VIII

The widow Engelschall’s first concern was to get the women out of Karen’s room. To succeed she had to make her command abundantly clear. She hissed at the Schirmacher girl: “Would you mind taking your snub-nose out of this here place?” Isolde went, but she felt sure that the old woman had evil intentions.

When the widow Engelschall approached the bed, she saw that there was but just time for her to use the last glimmer of her daughter’s consciousness. If she had miscalculated—well, no harm was done, and she would be the first one, at all events, to have access to the dead woman’s body. Only there must be no shilly-shallying.

She began to talk. She sat down on a chair, bent far over toward Karen, and spoke in a raised voice so that no word should escape the dying woman. She said that she had meant to bring along some pastry, but the pastry-cook’s shop had been closed. In the evening, however, she intended to boil a chicken in rice or make a Styrian pudding with apple-sauce. That refreshed the stomach and improved the digestion. Sick people needed strengthening food, and one mustn’t be stingy with them. Stinginess, she declared, had never been a fault of hers, anyhow. No one could say that. And she had always been ready to do the right thing by her children. It had been toil and trouble enough, and she hadn’t counted on gratitude. You didn’t get that in this world anyhow, no more from your children than from Tom, Dick, or Harry.

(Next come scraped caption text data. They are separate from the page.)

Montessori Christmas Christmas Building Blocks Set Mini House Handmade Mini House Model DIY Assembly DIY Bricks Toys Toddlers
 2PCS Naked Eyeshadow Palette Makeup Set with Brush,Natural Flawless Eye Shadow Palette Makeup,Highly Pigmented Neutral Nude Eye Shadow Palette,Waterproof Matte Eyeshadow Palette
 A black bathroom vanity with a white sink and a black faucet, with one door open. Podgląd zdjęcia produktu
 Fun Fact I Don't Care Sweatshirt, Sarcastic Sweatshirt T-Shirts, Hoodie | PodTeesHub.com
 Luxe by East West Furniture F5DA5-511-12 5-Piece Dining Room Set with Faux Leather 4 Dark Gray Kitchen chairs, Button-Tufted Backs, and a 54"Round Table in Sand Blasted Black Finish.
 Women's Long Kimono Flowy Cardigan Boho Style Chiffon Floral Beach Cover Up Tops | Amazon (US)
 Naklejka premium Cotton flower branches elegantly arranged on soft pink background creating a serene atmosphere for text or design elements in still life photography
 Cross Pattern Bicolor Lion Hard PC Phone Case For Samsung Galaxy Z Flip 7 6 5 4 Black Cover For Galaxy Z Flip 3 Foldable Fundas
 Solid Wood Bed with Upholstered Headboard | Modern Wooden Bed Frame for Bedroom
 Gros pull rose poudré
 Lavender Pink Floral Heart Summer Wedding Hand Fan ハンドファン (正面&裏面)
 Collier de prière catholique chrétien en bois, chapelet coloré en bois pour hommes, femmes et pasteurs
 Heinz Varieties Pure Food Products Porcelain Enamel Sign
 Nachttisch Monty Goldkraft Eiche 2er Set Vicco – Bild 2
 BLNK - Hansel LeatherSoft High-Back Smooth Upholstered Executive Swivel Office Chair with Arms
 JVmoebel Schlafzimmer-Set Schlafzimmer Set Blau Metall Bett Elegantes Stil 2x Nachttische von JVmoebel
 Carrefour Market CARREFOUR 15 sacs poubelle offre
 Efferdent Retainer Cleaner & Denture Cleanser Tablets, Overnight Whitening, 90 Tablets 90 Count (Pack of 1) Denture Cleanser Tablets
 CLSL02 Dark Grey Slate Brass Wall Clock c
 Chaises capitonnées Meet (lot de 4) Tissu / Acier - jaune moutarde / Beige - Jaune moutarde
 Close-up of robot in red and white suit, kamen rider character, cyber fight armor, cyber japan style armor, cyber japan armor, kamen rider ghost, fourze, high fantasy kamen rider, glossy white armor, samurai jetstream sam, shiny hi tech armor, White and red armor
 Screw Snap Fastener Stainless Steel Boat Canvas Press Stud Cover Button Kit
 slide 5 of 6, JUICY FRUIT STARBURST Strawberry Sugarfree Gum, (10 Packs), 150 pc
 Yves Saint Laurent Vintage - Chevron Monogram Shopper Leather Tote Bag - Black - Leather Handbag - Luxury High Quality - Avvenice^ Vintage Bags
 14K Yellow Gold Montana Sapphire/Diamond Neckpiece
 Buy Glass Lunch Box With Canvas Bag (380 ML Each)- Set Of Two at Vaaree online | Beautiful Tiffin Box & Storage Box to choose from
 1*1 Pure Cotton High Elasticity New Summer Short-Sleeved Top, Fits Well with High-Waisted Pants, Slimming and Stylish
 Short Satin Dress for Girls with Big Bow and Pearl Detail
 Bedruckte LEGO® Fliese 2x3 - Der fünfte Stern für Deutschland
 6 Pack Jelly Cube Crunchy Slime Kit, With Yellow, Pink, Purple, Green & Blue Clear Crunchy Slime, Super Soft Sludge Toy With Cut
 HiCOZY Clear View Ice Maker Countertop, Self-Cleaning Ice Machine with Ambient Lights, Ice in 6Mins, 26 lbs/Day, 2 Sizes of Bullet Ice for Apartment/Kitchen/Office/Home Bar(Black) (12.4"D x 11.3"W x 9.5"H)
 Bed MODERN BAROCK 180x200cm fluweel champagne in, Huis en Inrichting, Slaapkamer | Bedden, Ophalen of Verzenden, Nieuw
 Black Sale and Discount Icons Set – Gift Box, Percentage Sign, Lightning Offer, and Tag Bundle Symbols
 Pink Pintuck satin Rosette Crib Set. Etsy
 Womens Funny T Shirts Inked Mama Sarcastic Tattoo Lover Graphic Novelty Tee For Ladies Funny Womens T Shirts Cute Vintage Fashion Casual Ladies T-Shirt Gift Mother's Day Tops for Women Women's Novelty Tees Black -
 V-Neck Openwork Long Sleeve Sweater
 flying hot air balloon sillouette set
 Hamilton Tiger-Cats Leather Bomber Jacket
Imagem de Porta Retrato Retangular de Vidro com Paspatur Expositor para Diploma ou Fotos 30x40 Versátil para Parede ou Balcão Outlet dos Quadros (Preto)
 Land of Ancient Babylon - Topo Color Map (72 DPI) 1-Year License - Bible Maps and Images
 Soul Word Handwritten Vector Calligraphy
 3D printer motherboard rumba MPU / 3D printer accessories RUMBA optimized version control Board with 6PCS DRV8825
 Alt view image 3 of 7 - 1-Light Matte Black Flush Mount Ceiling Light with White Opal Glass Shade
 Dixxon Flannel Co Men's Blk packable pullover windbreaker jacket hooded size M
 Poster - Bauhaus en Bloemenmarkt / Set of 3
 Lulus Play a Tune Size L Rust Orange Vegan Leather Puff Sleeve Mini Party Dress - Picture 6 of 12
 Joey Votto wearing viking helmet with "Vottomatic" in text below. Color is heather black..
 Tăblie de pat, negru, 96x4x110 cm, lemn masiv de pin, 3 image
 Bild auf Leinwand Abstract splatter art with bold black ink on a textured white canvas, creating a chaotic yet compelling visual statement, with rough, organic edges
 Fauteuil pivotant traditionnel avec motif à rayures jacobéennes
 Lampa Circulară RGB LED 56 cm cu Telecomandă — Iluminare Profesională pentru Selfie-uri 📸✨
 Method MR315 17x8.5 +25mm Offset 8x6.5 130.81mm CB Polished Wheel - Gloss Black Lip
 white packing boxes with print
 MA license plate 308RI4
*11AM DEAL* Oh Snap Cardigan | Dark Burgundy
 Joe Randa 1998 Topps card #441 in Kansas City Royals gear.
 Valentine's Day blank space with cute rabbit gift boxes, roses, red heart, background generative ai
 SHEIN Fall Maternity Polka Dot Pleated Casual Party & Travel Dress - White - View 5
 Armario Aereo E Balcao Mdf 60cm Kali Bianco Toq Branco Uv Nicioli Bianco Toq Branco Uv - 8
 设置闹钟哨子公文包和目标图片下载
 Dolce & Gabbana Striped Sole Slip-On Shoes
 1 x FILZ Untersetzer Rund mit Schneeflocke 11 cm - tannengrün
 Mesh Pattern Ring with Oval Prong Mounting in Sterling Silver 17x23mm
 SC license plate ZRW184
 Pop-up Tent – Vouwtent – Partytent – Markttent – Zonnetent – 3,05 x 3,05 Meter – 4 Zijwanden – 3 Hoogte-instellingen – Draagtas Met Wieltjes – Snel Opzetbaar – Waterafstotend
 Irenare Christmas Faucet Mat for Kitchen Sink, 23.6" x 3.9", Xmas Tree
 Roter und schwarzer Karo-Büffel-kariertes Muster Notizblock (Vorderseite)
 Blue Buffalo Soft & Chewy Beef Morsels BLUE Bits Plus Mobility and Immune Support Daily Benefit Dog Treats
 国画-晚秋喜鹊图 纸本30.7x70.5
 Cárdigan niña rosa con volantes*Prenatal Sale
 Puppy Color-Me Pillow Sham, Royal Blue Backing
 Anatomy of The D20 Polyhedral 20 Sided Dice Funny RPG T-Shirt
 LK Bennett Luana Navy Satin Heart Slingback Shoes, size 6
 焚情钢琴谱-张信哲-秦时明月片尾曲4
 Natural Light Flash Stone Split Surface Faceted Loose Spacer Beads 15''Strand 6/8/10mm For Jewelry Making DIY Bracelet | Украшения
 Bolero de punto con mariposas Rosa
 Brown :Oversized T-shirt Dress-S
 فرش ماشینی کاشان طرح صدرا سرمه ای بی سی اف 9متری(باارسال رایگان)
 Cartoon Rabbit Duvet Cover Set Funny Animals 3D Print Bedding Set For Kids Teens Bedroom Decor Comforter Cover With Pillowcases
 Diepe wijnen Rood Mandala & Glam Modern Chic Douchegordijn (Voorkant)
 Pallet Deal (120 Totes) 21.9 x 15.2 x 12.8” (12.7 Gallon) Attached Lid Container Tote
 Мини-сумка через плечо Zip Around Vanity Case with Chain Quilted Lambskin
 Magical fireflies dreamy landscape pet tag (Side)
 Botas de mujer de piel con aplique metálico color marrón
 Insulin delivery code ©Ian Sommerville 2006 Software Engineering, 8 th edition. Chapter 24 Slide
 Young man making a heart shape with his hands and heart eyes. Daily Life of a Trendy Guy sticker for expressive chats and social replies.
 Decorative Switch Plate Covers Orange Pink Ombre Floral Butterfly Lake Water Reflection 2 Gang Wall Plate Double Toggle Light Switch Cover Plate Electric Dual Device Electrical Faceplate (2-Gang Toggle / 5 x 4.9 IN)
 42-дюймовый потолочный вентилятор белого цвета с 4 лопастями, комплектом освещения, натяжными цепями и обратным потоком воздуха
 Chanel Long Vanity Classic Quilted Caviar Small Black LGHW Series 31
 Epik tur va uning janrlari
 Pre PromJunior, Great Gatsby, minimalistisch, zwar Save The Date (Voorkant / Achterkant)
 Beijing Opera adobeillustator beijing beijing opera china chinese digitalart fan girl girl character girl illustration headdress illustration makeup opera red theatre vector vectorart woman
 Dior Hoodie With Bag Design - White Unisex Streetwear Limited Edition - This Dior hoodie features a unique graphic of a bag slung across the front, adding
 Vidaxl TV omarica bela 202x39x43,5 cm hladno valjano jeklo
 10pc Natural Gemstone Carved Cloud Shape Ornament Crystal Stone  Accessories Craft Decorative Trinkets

Beset by death as she was, Karen heard only the tone of this hypocritical speech. She moved her arms. An instinct told her that her mother wanted something; a last effort at reflection told her what that was, and a last impulse warned her not to betray herself. She forced herself to lie still and not to let an eyelid quiver. But the widow Engelschall knew that she was on the right track. She herself, she continued, had never striven after riches. If ever a little superfluity had come to her, she had shared it with others. You couldn’t take anything into the grave with you anyhow, and though you clung to what you had like iron, it didn’t do you no good in the end. So it was more sensible and nobler too to give it up, and live to share the pleasure of the people you gave it to, and listen to their praises. Didn’t Karen remember, she asked, how when that old hag of a Kränich woman had died and eighty-seven pieces of gold had been found in her straw-mattress—didn’t she remember how, amid the joy, people had railed at the stingy beast? No one had shed a tear over her. They had consigned her to hell where she belonged.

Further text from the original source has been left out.